Pistola com silenciador, granada de gás, rifle de sniper com zoom regulavel, rifle de sniper com visão noturna, ou pegar uma metralhadora e passar uma rajada silenciosa de headshot em inimigos alinhados (felizmente todos os guardas tem a mesma altura, agradeço o TOC do RH desse jogo de só contratar pessoas de uma altura especifica), tudo isso é muito satisfatório. Syphon Filter até entra em grandes detalhes sobre suas armas. Você pode dar uma olhada em cada arma e o jogo descreve em profundidade a história daquela arma e por que a agência escolheu usa-la. Conhecimento inútil, mas legal! Pontos de bônus para Syphon Filter!
Mais do que isso, na verdade, o sistema de cobertura funciona realmente bem (bloqueando os tiros, a visão e, mais importante, a barra "danger") e o jogo inclusive te dá um botão para colocar a cabeça fora da cobertura para mirar. Como eu disse, em questão de ferramentas para fazer os inimigos desaparecerem na calada da noite o jogo dá um banho em METAL GEAR SOLID no quesito o quão divertido isso é.
Ajuda bastante que o jogo está sempre tentando coisas novas para manter as coisas interessantes. Em algumas missões vc precisa capturar um alvo fugindo com vida, então vc pode pegar um rifle de sniper e atirar na perna dele enquanto foge, ou então o jogo te coloca em um celeiro em chamas e vc precisa abrir encontrar um caminho.

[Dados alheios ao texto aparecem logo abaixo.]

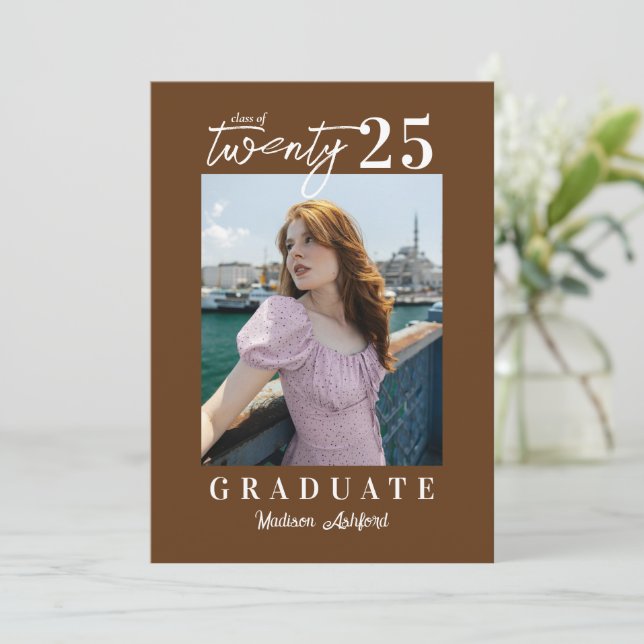 Moderne Script Brown Foto Graduation Party Einladung (Stehend Vorderseite)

Ou a já citada fase que acontece durante uma guerra civil entre os bandidos e vc tem que usar um scanner para vasculhar armazens e encontrar cadaveres contaminados sendo contrabandeados enquanto o pau tá torando entre os dois. Mas a minha favorita é uma em que um bandido faz refens, e vc tem que elimina-lo a distancia. Adicione a isso que o jogo não se furta de te dar elementos do cenários para usar (por alguma razão os inimigos adoram parar para atirar perto de latões explosivos ou mesas de produtos quimicos) e temos bastante diversão a ser encontrada por aqui.
Então essa é a coisa: quando SF te permite ser um jogo de furtividade, ele é realmente melhor que METAL GEAR SOLID nisso, especialmente com a critividade das missões. O problema é que isso é cerca de 50% do jogo, a outra metade é um jogo de ação com controles que parecem terem sido exumados do 3DO, e aí é bem menos legal. Tipo bem menos.

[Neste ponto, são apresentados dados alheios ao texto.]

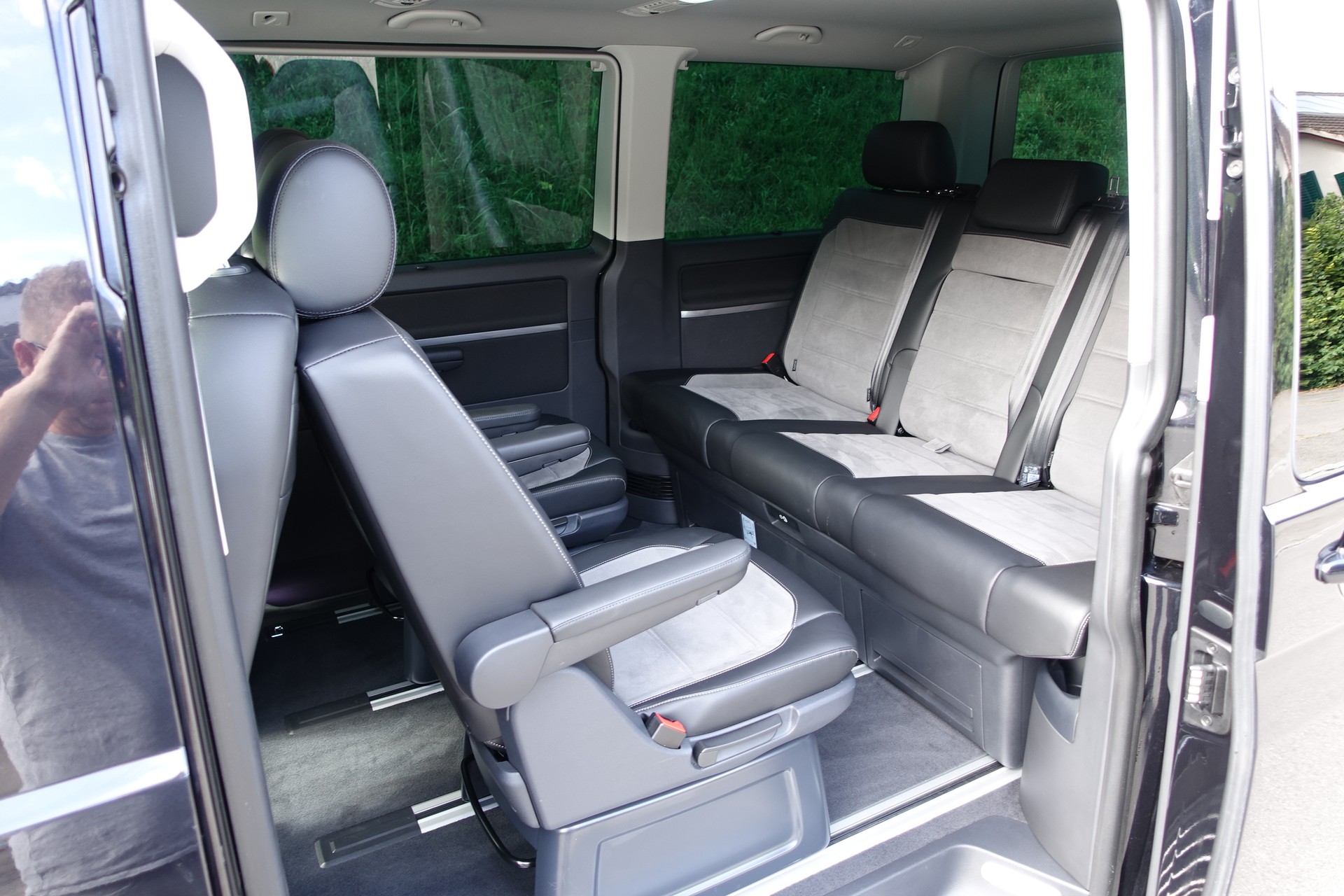 VW T6.1 Multivan 2.0 Bi-TDI Highline 4Motion DSG-image-7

Eu gostaria que SF abandonasse a parte da ação e me permitisse jogar inteiramente como um jogo furtivo, pq essa metade do jogo é bem divertida. Espero que foquem mais nisso na continuação... ou que apenas eles concertem a jogabilidade da ação, é isso serviria também. Seja como for, SF é quase uma obra prima, falta muito pouco para chegar lá e eu tenho bastante fé que SF2 será esse jogo!